Cumhurbaşkanı Yardımcısı Cevdet Yılmaz, kişi başına düşen gayri safi yurt içi hasıla (GSYH) artış oranlarına ilişkin açıklama yaprak, "'Eskiden Türkiye daha müreffehti' diye iddia edenleri uluslararası kurumların hesapladığı rakamlar yalanlıyor" demiş ve  ilave olarak da Türkiye'nin 2003-2023 yılları arasında kişi başına düşen Gayrisafi Yurt İçi Hasıla (GSH) artışının yüzde 257 olduğunu ifade etmiştir.

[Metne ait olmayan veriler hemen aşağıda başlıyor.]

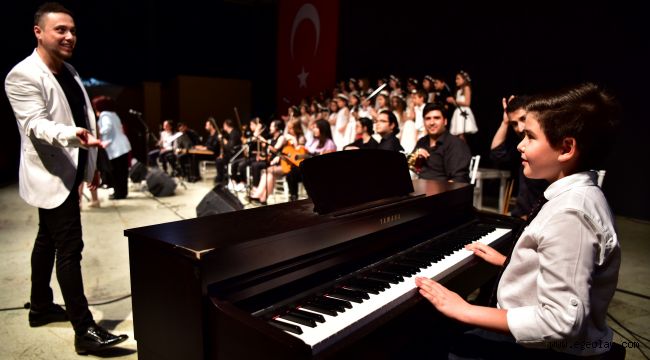 Bornova'da kursiyerlerden dans ve müzik ziyafeti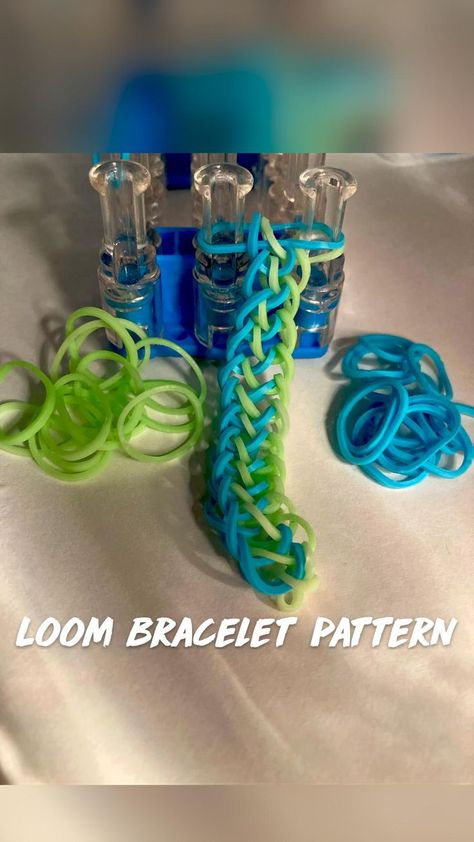 Loomless Rainbow Loom, Loom Band Bracelets Aesthetic, Things To Do With Rainbow Loom Bands, Ruberband Bracket Ideas, Loom Bracelet Patterns Rubber Band Finger, Rubber Band Bracelet Tutorial With Loom, Rubber Bracelets Diy, Rubber Band Bracelet With Fingers, Rainbow Loom Finger Patterns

Cevdet Yılmaz’ın “Şu anda halkımız daha müreffehtir” anlamındaki açıklamasına katılmak mümkün değildir. Ortalama GSYH’nın artmış olması insanların daha müreffeh yaşadığı anlamına gelmez.

2001 krizi sırasındaki negatif büyüme sonucu 2500 dolar civarına düşmüş olan kişi başına ortalama milli gelir, 2002, 2003 ve 2004 yıllarında ortalama 3500 doları aşmış, 2005 yılında ise 4000 dolara doğru tırmanışa geçmiştir.

Ortalama milli gelirimiz Ali Babacan’ın da sık sık değindiği gibi 2013 ve 2014 yıllarında kişi başına12.000 dolar seviyesini aşmıştır.

Daha sonraki yıllarda ortalama milli gelir düşmüş 2020 yılında 8.500 dolara inmiş ve 2023 yılında ise 12.489 dolar seviyesine çıkmıştır. Kaldı ki, geçmişte ülkemiz bu seviyeleri yakalamıştır.

Şimdi Cevdet Yılmaz’ın açıklamalarına neden katılmadığımızı kısaca anlatmaya çalışayım:

1-Öncelikle12.489 doların kişiler arasında eşit olarak paylaşılıp paylaşılmadığıdır.

MB tarafından ilan edilen kurlara göre 2023 yılı Haziran ayında ortalama dolar kuru 20,80 TL.’dir. Buna göre TL. cinsinden kişi başına düşen milli gelir 12.489 dolar x 20.80 TL.= 259.771,2O TL.’ye karşılık gelmektedir. 2023 yılı sene başı itibariyle net asgari ücret 8.506,80 TL., ikinci yarısından itibaren ise 11.402,00 TL.’dir.

2023 yılının ikinci yarısından itibaren belirlenen asgari ücretin yıllık toplam tutarı 136.800,00 TL. olup, bu da gösteriyor ki, çalışanların yüzde 50’sinin asgari ücretli yani 17 milyon 500 bin kişinin asgari ücretli çalışanı ve 16 milyon da emekli olduğunu ve ortalama ailelerin 3’er kişi olduğunu kabul edildiğinde, nüfusun büyük bir çoğunluğunun gelirinin 12.489 doların altında olduğu ve milli gelirden eşit olarak pay almadıkları gerçeği gün gibi ortaya çıkmaktadır.

Asgari ücretin açlık sınırının altın olduğu bir ülkede ortalama kişi başına düşen gayri safi yurt içi hasıladan herkesin eşit olarak pay aldığını söylemek mümkün değildir.

2-İkinci önemli husus ise, dünyanın bütün ülkeleri her yönden gelişirken Türk halkının da bu gelişmelerden yararlanamayacağını düşünmek mantıklı olmayacaktır. İhtiyaçlarımız artmıştır.

Örneğin, 2000’li yılların başında cep telefonu kullanmak belki lüks olarak görülebilirdi. Yine 2000’li yıllarda otomobil de öyle. Yine 2000’li yıllarda seyahat ve tatil ihtiyacı bu nedenli yaygın değildi. Öte yandan beslenme alışkanlıklarımız daha sade idi. Artık bu saydıklarım ve diğerleri dönemin gerekliliklerindendir.      

3- Bir de bu rakamları tahlil ederken dolardaki enflasyonu da dikkate almak gerekmektedir. TÜİK’in yıllık ekonomik verilerine göre 2002 sabit kuru ile enflasyondan arındırıldığında  2002 yılında 3608 Dolar olan ortalama milli gelir, 2022 yılındaki ortalama milli gelir olan  10.655 doların karşılığı ise 6.549,14 dolara tekabül etmektedir.